Maryam Touzani choisit délibérément de filmer cette relation homosexuelle soluble dans une vie simple et ordinaire. La maladie de Mina gagnant du terrain, les deux hommes s’occupent d’elle au quotidien avec énormément de tendresse ; Youssef cuisine, range la maison, tandis qu’Halim se charge des soins plus intimes, soucieux d’adoucir ses derniers moments. Lorsque Mina n’est plus capable de se nourrir seule, Halim glisse entre ses lèvres, avec une infinie patience, des quartiers de mandarine méticuleusement épluchés, pour lui faire goûter encore un peu de leur jus sucré et parfumé. Nul besoin de grands mots pour exprimer profondément ce qui unit les trois membres d’une même « famille ».
Le film, qui aurait pu facilement virer au pathos larmoyant, est tendu d’une élégante sobriété. Sur un rythme très lent, les images s’attachent aux gestes précis d’Halim, voluptueux dans le touché des étoffes, habiles dans la découpe et la broderie, attentifs à ne jamais brusquer la soie ou le satin : le tailleur caresse le tissu comme il le ferait d’une peau soyeuse et aimée. Ses longues scènes d’une lourde sensualité s’opposent aux coïts expéditifs qu’il pratique au hammam avec des inconnus. Lorsque Mina envoie aux bains Halim et Youssef – en toute connaissance de cause -, les deux hommes restent pourtant chastes.

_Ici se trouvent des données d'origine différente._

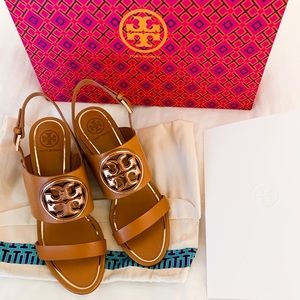 ⭐️Miller Metal-Logo Wedge Sandals⭐️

Il leur suffit d’être allongés l’un auprès de l’autre, dans la vapeur chaude et humide, se dévorant du regard ; scène bien plus charnelle et intense que les copulations vigoureuses abouties.

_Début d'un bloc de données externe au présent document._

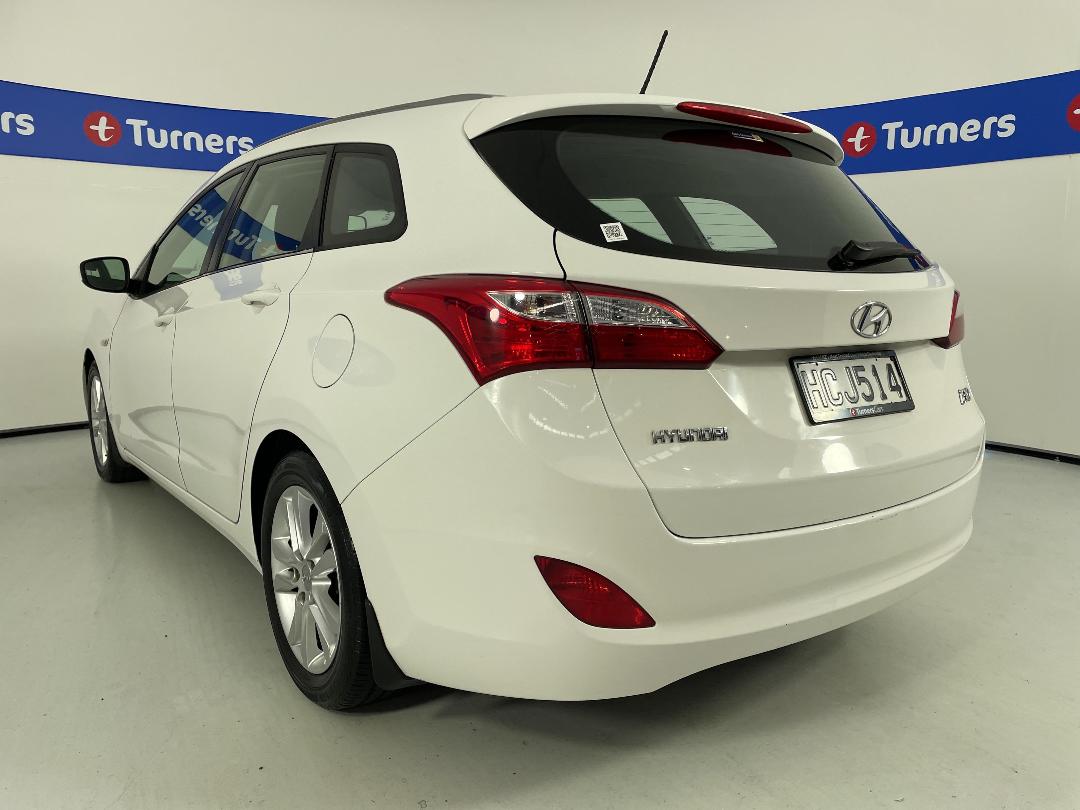 Photo '5' of Hyundai I30 Photo '5' of Hyundai I30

On peut donc dynamiter les carcans religieux et moraux avec une caméra extrêmement sensible ; la cheffe opératrice se régale des lumières douces des ruelles de la médina, du chatoiement des étoffes, de l’éclat des fils d’or sur le rouge d’un velours, de l’humidité suspendue dans la brumaille du hammam. Et d’un coucher de soleil sur la mer de Salé, les deux hommes accompagnant un soir vers sa dernière demeure celle qui les a réunis.